La pratique d’un art martial peut répondre à un besoin d’exprimer ou de canaliser son énergie. L’Aikiryu, forme d’Aïkido, invite à aller rencontrer sa propre violence intérieure. Une femme a aussi une énergie de défense, de conflit, d’opposition qui a besoin de s’exprimer à l’intérieur d’elle. L’Aikiryu est-il pour autant féministe ? Témoignage d’Urielle Abelé, enseignante.
La connaissance du corps
La pratique de l’Aïkiryu m’a appris à choisir en conscience à quelle distance je me positionne dans la relation à l’autre. De sentir en moi, quand l’autre est trop proche, quand je suis plus à l’aise dans telle situation.
Cela m’a appris la vigilance du toucher physique. De choisir qui, à quel moment et où l’autre entre en contact avec mon corps. A travers les techniques de cet art, j’affine ma perception de moi et de l’autre.
Cela m’a appris à conscientiser mon centre dans mon bassin. Cet ancrage puissant qui stabilise mon état d’être intérieur et me permet de ne pas être trop déstabilisée par la vie.
Cela m’a donné confiance en mon corps, en ses capacités physiques de réaction, de défense, d’attaque, de création d’une harmonie dans la relation, d’adaptation et de guidage de l’autre.
Saisir tant de corps différents m’a donné confiance en ma capacité à être en contact avec le corps de l’autre. La répétition des saisies dans les cours m’a donné de l’expérience qui m’assure ma capacité à réagir à ce que fait l’autre corporellement.
L’affirmation du consentement
La progression dans cet art martial a affiné la conscience de mon intégrité corporelle et de sa préciosité. C’est comme si mon affirmation intérieure appelle un réel respect de mon corps et qu’inconsciemment on ne peut me toucher sans mon accord.
Cela fortifie le consentement mutuel, en tout cas la nécessité du mien.
Cela m’a permis de muscler l’affirmation de qui je suis.
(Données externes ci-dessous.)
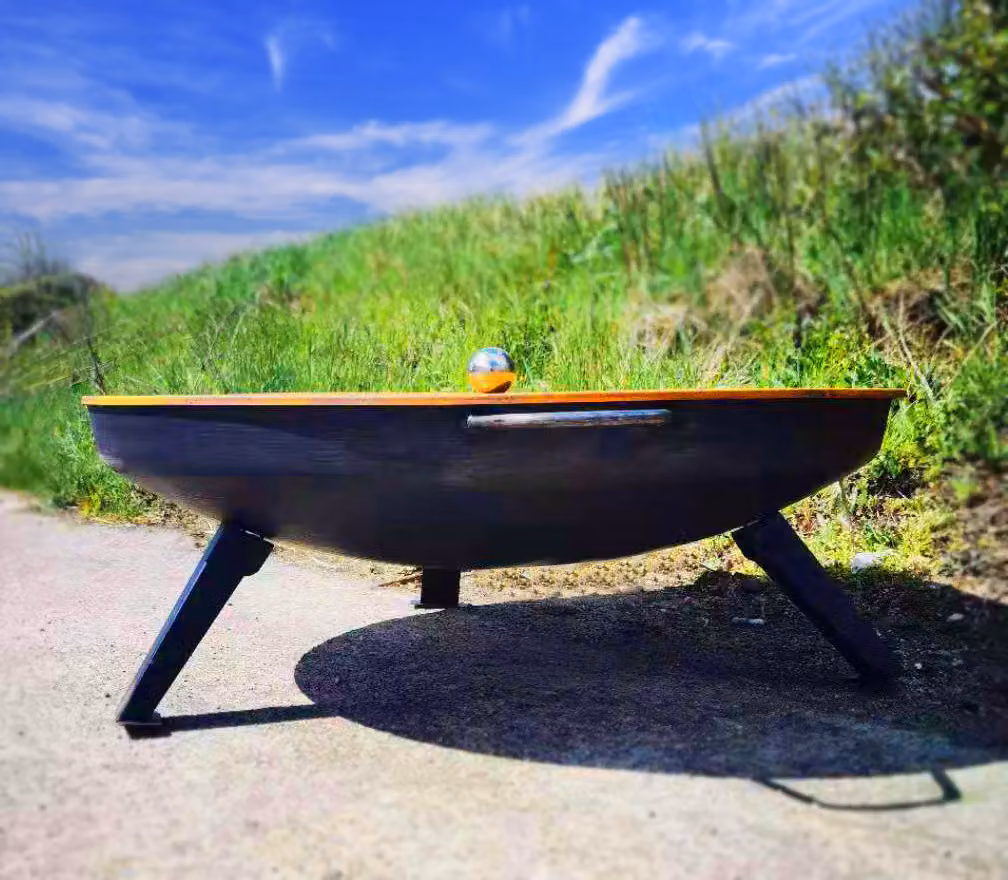 KÖHKO® Braciere Ø 79 cm con coperchio Ø 80 cm | Gambe con rivestimento antiruggine, pieghevoli e rimovibili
Je sens mon corps stable, souple et agile pour interagir dans ce monde.
Cela a fortifié ma souveraineté en tant que femme. Je peux choisir avec qui je suis en interaction, qui entre en contact avec moi.
Cela m’a aidé à briser l’illusion d’impuissance physique, l’illusion de soumission et d’incapacité.
Renforcement de la résilience
Cela a fortifié ma résilience. Chuter, se relever des centaines de fois dans un cours a permis à mon corps et à mon esprit d’engrammer cette capacité de vie. Je crains moins de chuter car je sais que je suis capable de me relever.
Est-ce que l’Aïkiryu est un art martial féministe, dans le sens où il contribue à transformer les rapports de force dans notre société entre les femmes et les hommes ? Je dirai oui !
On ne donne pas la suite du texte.